Life can throw us curve balls. You may run into large medical bills, the unplanned need to buy a car, or even a “once-in-a-lifetime” opportunity. (Notice that I put that one in quotes). You sit down and look at your accounts and see that the largest account that you own is sitting in your company 401(k) plan. Why not take some of your own money? It is your money. Oh good, you can easily borrow your own money and pay yourself back. What a great concept…right? You would rather pay yourself the interest than some bank or credit card company…right again?
The way a 401(k) plan loan works is fairly simple. You designate how much you want to borrow. This is typically limited by the IRS to 50% of the account value or $50,000, whichever is smaller. Your plan will cut you a check from your own money.

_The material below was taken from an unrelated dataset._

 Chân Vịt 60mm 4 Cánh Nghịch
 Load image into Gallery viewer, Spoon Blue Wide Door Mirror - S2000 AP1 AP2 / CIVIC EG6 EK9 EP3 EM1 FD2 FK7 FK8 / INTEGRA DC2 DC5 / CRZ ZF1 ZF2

You will then be required to pay back a part of the note with each paycheck plus interest. The interest rate will be a fair rate based on current rates on other loans. Once you have paid it off, that monthly payment should then convert to a normal contribution like you were doing before you took the loan out.
There are three reasons that to steer clear of borrowing from your 401(k):
- The potential penalty is too high. While you can borrow from your plan pretty easily (much too easy in my opinion), if you should lose your job you may be forced to cough up the entire loan amount in 30-60 days. After all, if you are no longer working, they have no easy mechanism to get your payments like they did while you were working. If you cannot afford to pay it back it can be deemed a taxable distribution. You may end up owing the tax due based on your tax bracket plus an additional 10% penalty if you are younger than 55 years old. This one potential drawback is usually enough for me to say no to 401(k) loans.
- You may miss out on opportunity growth. When you remove the money from your plan as a loan it is no longer invested in the market. While you may think that the only loan cost for you is the interest rate you are being charged, there is another cost that could end up being a much larger expense. If the stock market continues to rise while you have your money “out on loan”, that portion of your 401(k) plan may not rise with the market. Let’s say that you took 3 years to pay the loan back and the market grew by 6% a year. That could cost you an additional 6% per year for your loan. This opportunity growth could actually end up costing you a lot of money.
- You could incur double taxation. You are most likely investing money into your 401(k) plan on a pre-tax basis. This means that your taxable income for the year is reduced by your 401(k) contribution. When you pay back a loan, you are doing so on an after-tax basis. This means that your taxable income may be higher in years that you are paying back a loan. That in itself is another cost that you need to factor in. Then, when you eventually distribute the money from your plan, it will be taxed again. This is double taxation: taxed on the way in and on the way out. This is not the most efficient way to invest for your retirement.
So, while it may be tempting to tap your retirement funds, try to stay away. Get yourself in a position now to not have to rely on using your retirement funds until…well…retirement.